21 novembre 1806, le Blocus décrété contre l'Angleterre est le commencement du pire pour Talleyrand. Napoléon sera condamné à « intervenir », autrement dit envahir les pays récalcitrants, Espagne, Russie...
25 juin 1807, deux empereurs se rencontrent sur un radeau, au milieu du Niémen : « Sire, je hais les Anglais autant que vous, assure le jeune tsar Alexandre. - En ce cas, la paix est faite », répond Napoléon.
C'est la fin de la quatrième coalition. Après ses victoires (Austerlitz, Eylau, Friedland), il veut s'assurer que la Russie respectera le Blocus contre l'Angleterre, dernier pays invaincu.
Les deux empereurs s'embrassent et la France chante l'événement. Ils ont dialogué vingt jours, dans un somptueux décor, rêvant de se partager le monde : l'Occident à la France, l'Orient à la Russie.
7 juillet 1807, la paix est signée. C'est le traité de Tilsit, négocié directement par Napoléon.
Dans l'élan, la Prusse est démembrée. 9 juillet 1807, l'Empereur des Français reçoit à Tilsit la reine Louise de Prusse. C'est pour lui enlever une partie de son royaume et le transformer en un Grand-duché de Varsovie.

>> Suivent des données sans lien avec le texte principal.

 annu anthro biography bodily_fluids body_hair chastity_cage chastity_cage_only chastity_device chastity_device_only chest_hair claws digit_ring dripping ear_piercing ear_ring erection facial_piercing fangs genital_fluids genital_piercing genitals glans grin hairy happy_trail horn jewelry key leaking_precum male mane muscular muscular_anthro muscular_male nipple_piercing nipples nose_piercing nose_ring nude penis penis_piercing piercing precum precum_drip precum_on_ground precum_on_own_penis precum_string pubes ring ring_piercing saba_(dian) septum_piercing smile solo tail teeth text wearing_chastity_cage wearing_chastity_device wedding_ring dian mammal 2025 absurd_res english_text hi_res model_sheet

Cette Pologne qui ne dit pas son nom est confiée le 22 juillet, à Dresde, au roi de Saxe Frédéric-Auguste Ier.
10 août, Talleyrand démissionne, au motif qu'il est devenu « un ministre des Relations extérieures sans emploi ».
En lot de consolation, il sera fait prince de Bénévent, Vice-grand Électeur de l'Empire - « le seul vice qui lui manquât », dit Fouché, apprenant cet honneur.

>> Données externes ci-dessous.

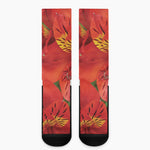 Red Alstroemeria Print Crew Socks
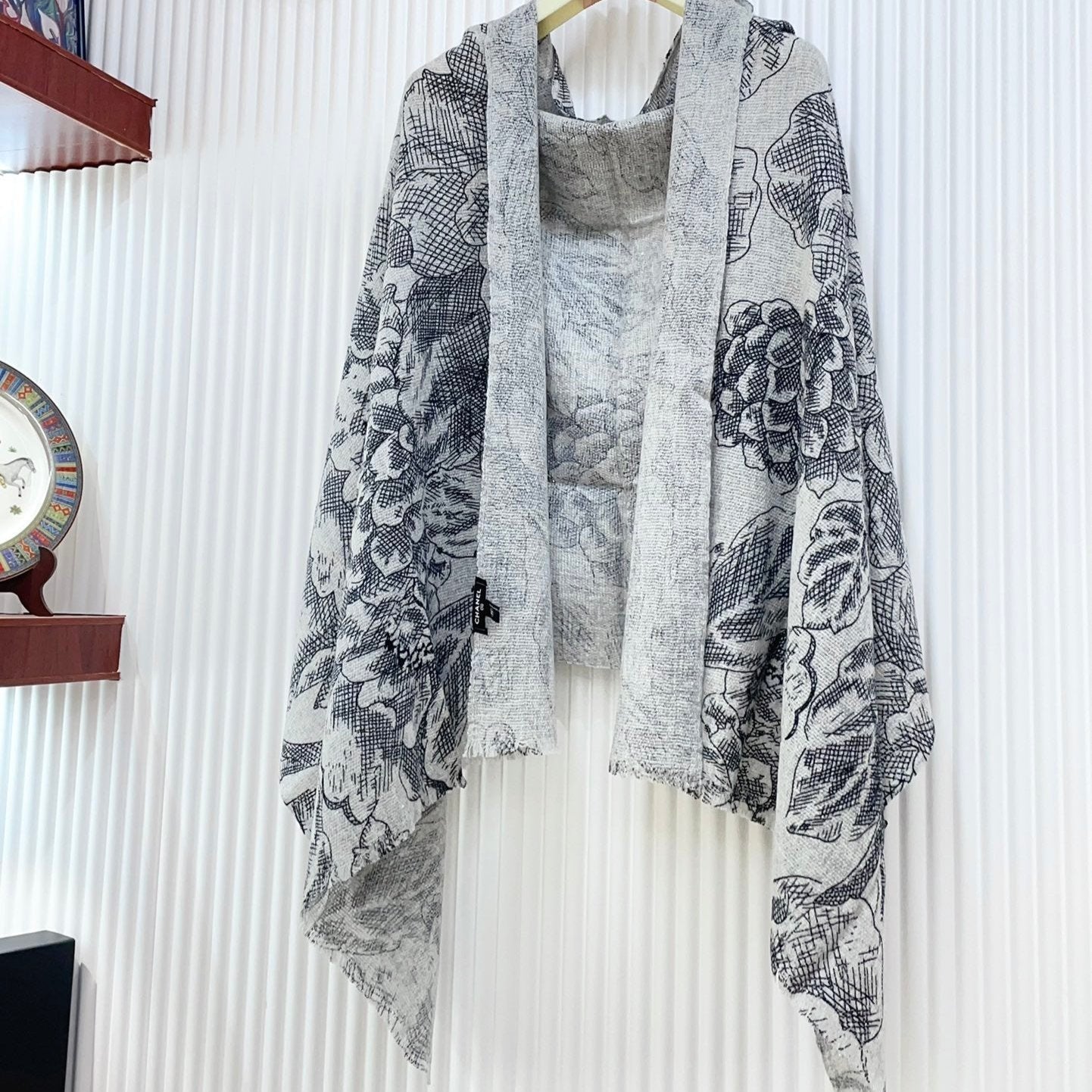 CC Scarf 180 CM In Grey Mix Black Cashmere  247635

Napoléon lui demandera bientôt de reprendre son poste, en vain. Il restera son conseiller, entre quelques colères historiques et malgré quelques trahisons avérées : Talleyrand est devenu « insupportable, indispensable et irremplaçable » (note).
Il a été gâté, oui, mais aussi méprisé par Napoléon qui ne respecte pas grand monde comme la suite le prouve...
Fin avril 1808 : de sa propre initiative, l'Empereur convoque à Bayonne Charles IV et son fils Ferdinand VII qui se disputent le trône d'Espagne. Il les met d'accord en les déposant l'un et l'autre au profit de son frère Joseph. Fatale erreur.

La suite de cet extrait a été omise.